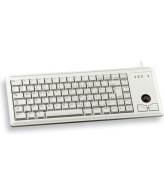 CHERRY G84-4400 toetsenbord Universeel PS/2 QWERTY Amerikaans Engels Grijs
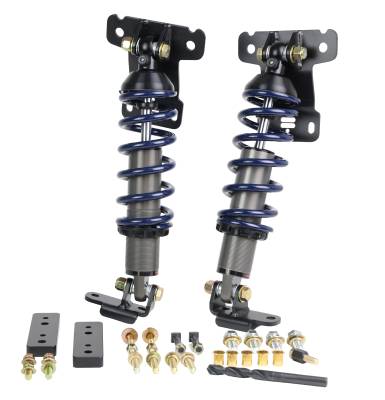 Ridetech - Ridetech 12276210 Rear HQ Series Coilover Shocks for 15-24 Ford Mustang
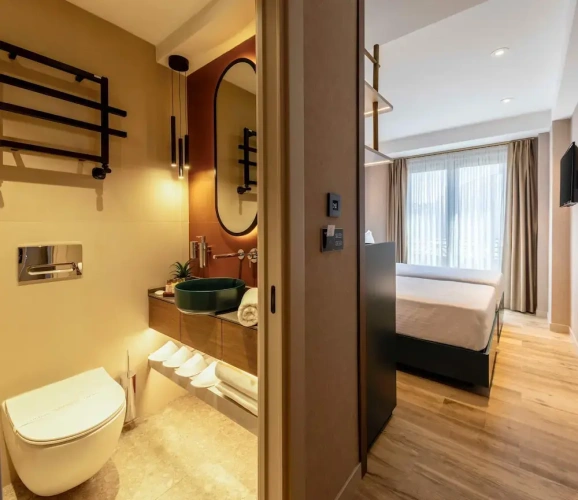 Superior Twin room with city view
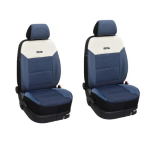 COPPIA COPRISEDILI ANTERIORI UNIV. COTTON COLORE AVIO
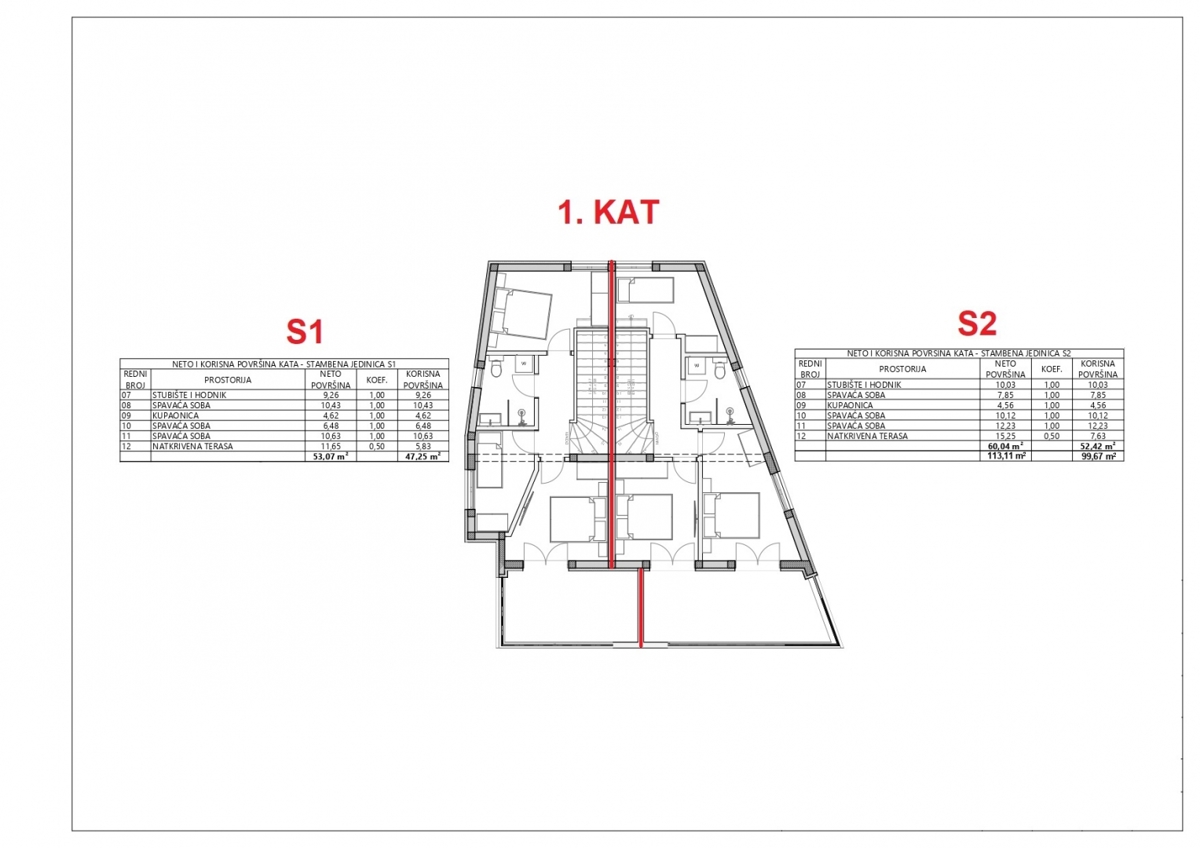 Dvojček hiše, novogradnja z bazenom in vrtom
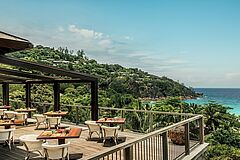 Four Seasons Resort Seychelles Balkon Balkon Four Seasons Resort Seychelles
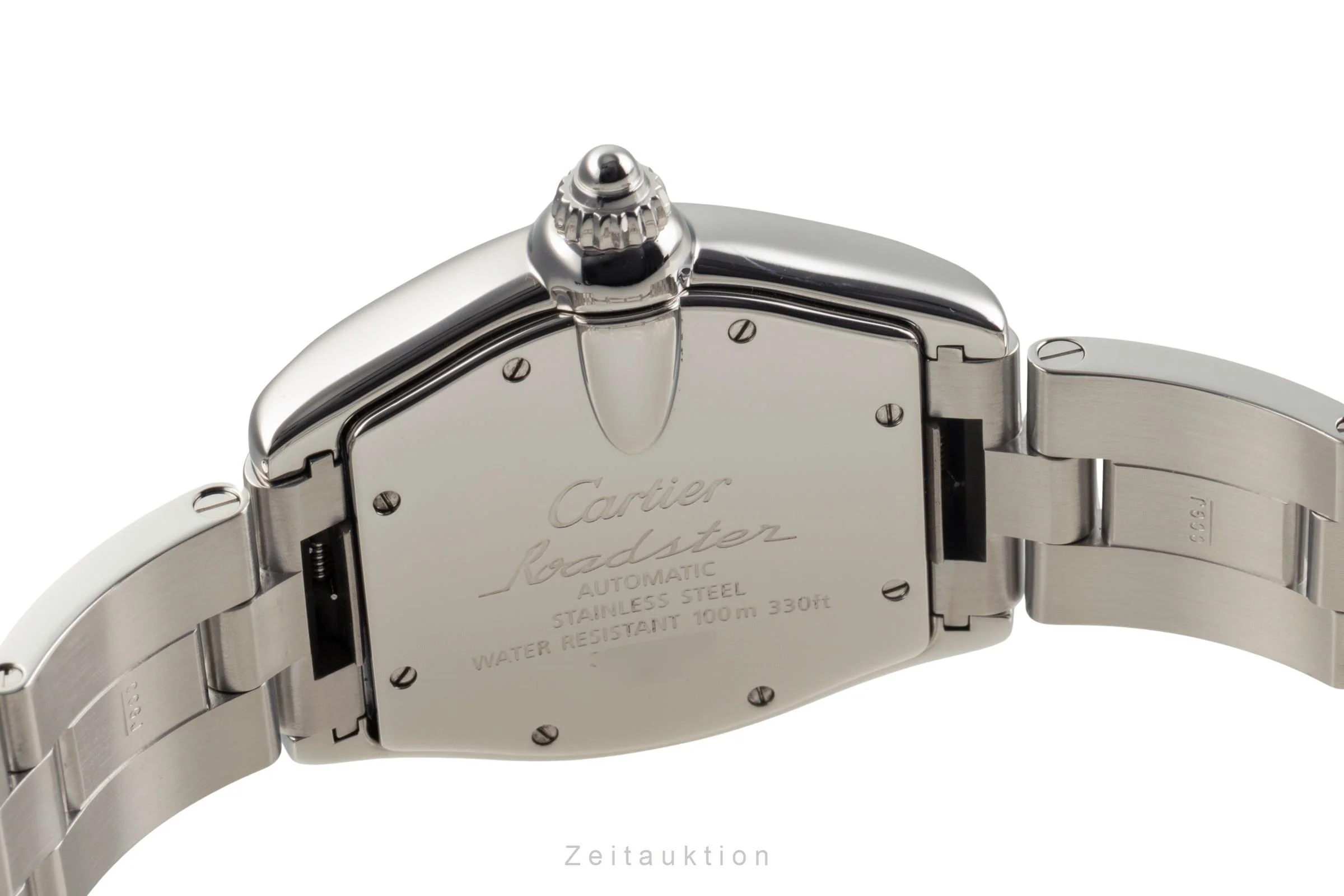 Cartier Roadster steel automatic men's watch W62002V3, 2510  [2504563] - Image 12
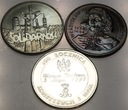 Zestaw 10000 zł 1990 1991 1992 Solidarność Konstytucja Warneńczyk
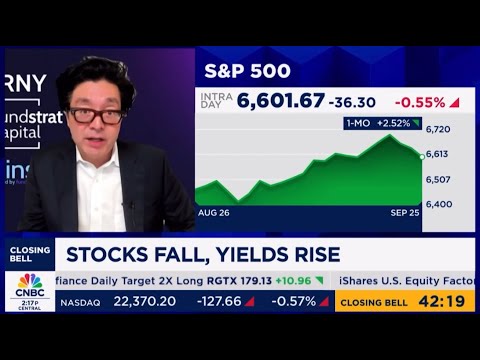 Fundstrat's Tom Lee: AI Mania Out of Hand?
********
| Assignment |
Each record above is to be restated exactly, with its pictures removed from the copy.

| Exercise output |
 CHERRY G84-4400 toetsenbord Universeel PS/2 QWERTY Amerikaans Engels Grijs
 Ridetech - Ridetech 12276210 Rear HQ Series Coilover Shocks for 15-24 Ford Mustang
 Superior Twin room with city view
 COPPIA COPRISEDILI ANTERIORI UNIV. COTTON COLORE AVIO
 Dvojček hiše, novogradnja z bazenom in vrtom
 Four Seasons Resort Seychelles Balkon Balkon Four Seasons Resort Seychelles
 Cartier Roadster steel automatic men's watch W62002V3, 2510  [2504563] - Image 12
 Zestaw 10000 zł 1990 1991 1992 Solidarność Konstytucja Warneńczyk
 Fundstrat's Tom Lee: AI Mania Out of Hand?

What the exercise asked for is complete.